As for myself, I remain very neutral to the issue – meaning that I believe that at the present moment there is only a minority of venture capital firms that can work effectively with open source companies, and I hope this will change in the future in a way that benefits both open source and venture capital. Now that I’ve stated my position, the arguments…
Venture capital is obsessed with the possibility of exit, which may not be good for open source after all, especially if the exit is a sale to a proprietary software company (like what happened to MySQL inadvertently through Sun?). And frankly, it’s not necessarily good for innovation (which I believe is the real goal of venture capital, not profits :) ). See Fork Well: It Could Be The Last, Best Hope for Community for a “free software centric” but very understandable reaction early on in the Oracle-Sun merger news cycle.
There are many possible good investment exits for open source companies that are good for open source in general, such as a merger with or an acquisition by a larger and more influential open source player (e.g. Red Hat), or an IPO. If companies like Novell who are increasing their open source portfolio become more oriented to open source and successful at the same time, it can also be beneficial. And in the Oracle case, there are others that have argued that they have supported many other open source projects after acquisition, such as JBoss and BerkeleyDB (but admittedly it is difficult to analyze what would have been if these stayed independent or were acquired by other organizations instead).
The whole venture capital industry is based on valuations through traditional corporate measures, which is ill-equipped to value open source communities. In fact, it can be argued that the open source communities transcend corporate boundaries and therefore company-based investment simply is somewhat antithetical to the structure. It’s like fitting a square peg into a round hole.
The venture capital industry is in a state of turmoil (CNET News: Big changes needed in the venture capital market), and coping with the nature of open source is part of the transformation that it needs to have in order to reinvent itself. Part of that is finding new models for valuation, adjusting to different investment timeframes, and part of that might involve some drastic changes (which are coming).
The perceived legal risk around commercializing on top of open source licensed technology scares many venture capitalists.
Venture capitalists and their lawyers are gradually understanding that not all open source licenses are the same, and that the legal text together with an understanding of the community reflects a clear enough line (and therefore measurable risk) that is drawn between what should be “community property” and what falls within the prerogative of the companies operating in the community. With more information, entrepreneurs that are cognizant of these constraints (which are in fact strengths if the business plan is sound) should be able to convince potential investors that risks are mitigated.
Venture capital investment could crowd out and discourage community involvement. There could be many reasons for this but in general it might have the potential of disrupting the well-functioning status quo within an existing community which may reduce the contribution of other members who feel that they benefit less from the investment that the company directly being invested in. There may also be a perception of conflict of interest affecting the judgement of community leaders who are founders, employees or significant shareholders of the company receiving venture capital.

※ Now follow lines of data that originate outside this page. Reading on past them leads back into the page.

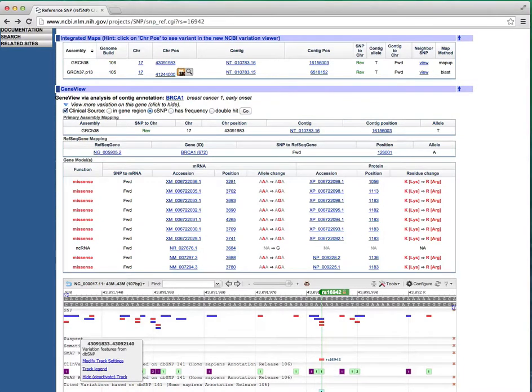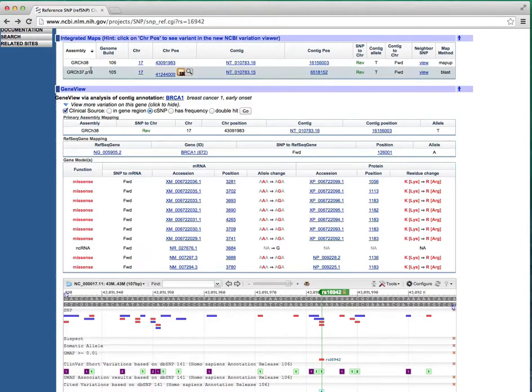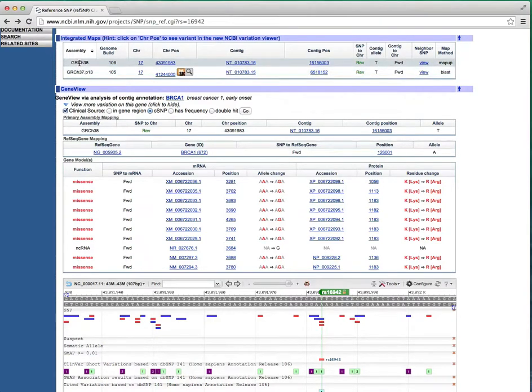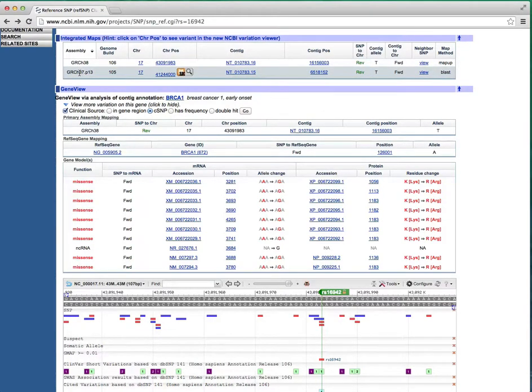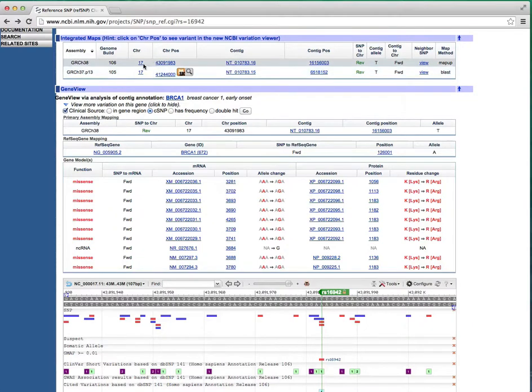The next section, Integrated Maps, shows the chromosomal position of this SNV on different assemblies. The GRCH38 and GRCH37.p13 entries display the chromosomal position of this SNV on Build 38 and 37, respectively.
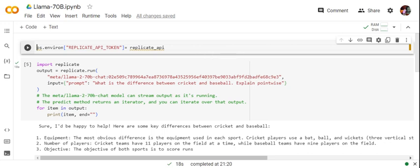Once you're able to do that, you need to set your Replicate API token environment variable as the Replicate API that you have. Then we will be installing Replicate and importing Replicate.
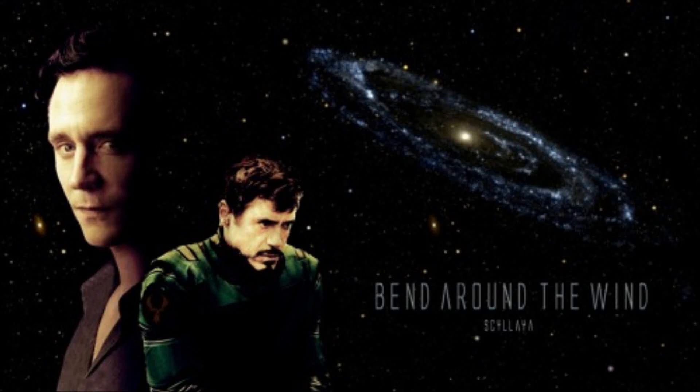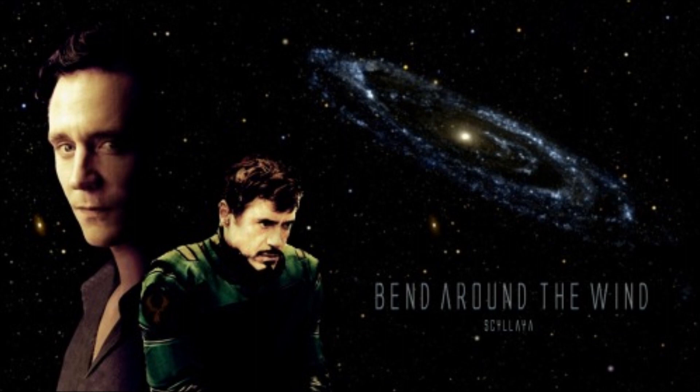Bend Around the Wind by Skylaya, Chapter 8: The Pirates of the Cassiopeia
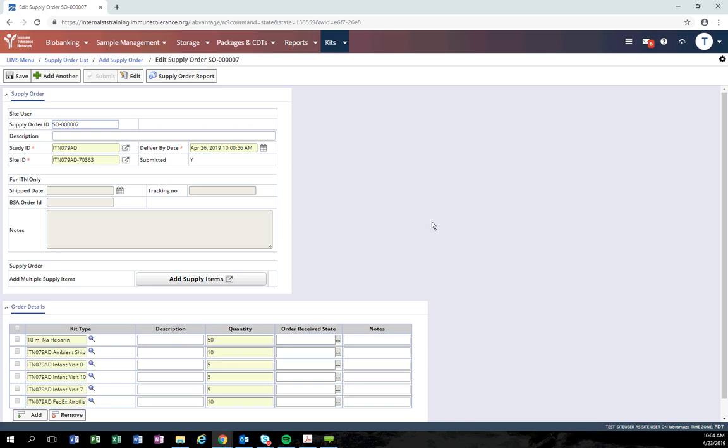After the order has been received by the ITN, we will enter in the ship date, tracking number, and internal BSA order ID for that shipment.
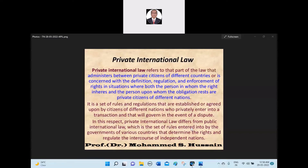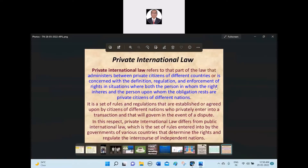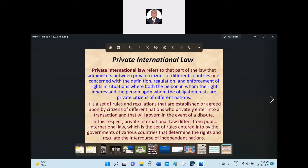Good evening to everybody — the students of the advanced private international law. What I posted on the screen: Private international law refers to that part of the law that administers between the private citizens of different countries, or is concerned with the definition, regulations, and enforcement of rights in situations where both the persons in whom the right inherits and the person upon whom the obligation rests are private citizens of different nations.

Founders, employees or significant shareholders of the company receiving venture capital can “walk-the-talk” and give back generously to the community. In fact, they must, if their business is to be successful. Venture capital has been shown in many cases to have resulted in successful open source companies that are good for open source. After all, venture capital was invested in Red Hat, Zimbra, Xensource, and many others.
On the other hand, many venture capital companies have traditionally prided themselves of being actively involved in adding value (not just financing) to the companies that they invest in. How many venture capital companies invested in open source companies can say the same in terms of their role in helping the community? But I suspect that this again is more of a “lack of understanding” problem and not necessarily the fundamental conflict of interest that many perceive. Things might be better as more and more successful open source entrepreneurs/investors gain experience. Some organizations that clearly benefit a lot from open source clearly have more role to play, say (possibly controversial), e.g. Google Ventures?
For more information:
- Remarks by Matt Asay, one of the influential people in open source today in an interview about how open source and commercialization mix: http://www.infoworld.com/d/developer-world/open-source-roundtable-matt-asay-176?r=54
- Open-source VC investments: Time for payback (post on The Open Road blog at CNET) http://news.cnet.com/8301-13505_3-10217824-16.html
- Report of venture capital investment in open source related firms from 1997 to 2008: http://blogs.the451group.com/opensource/2009/04/08/the-past-present-and-future-of-vc-investment-in-open-source/
And as a postword, perhaps one day open source may not need venture capital as we know it today, but then maybe venture capital may not be what it is today tomorrow anyway, at least for open source.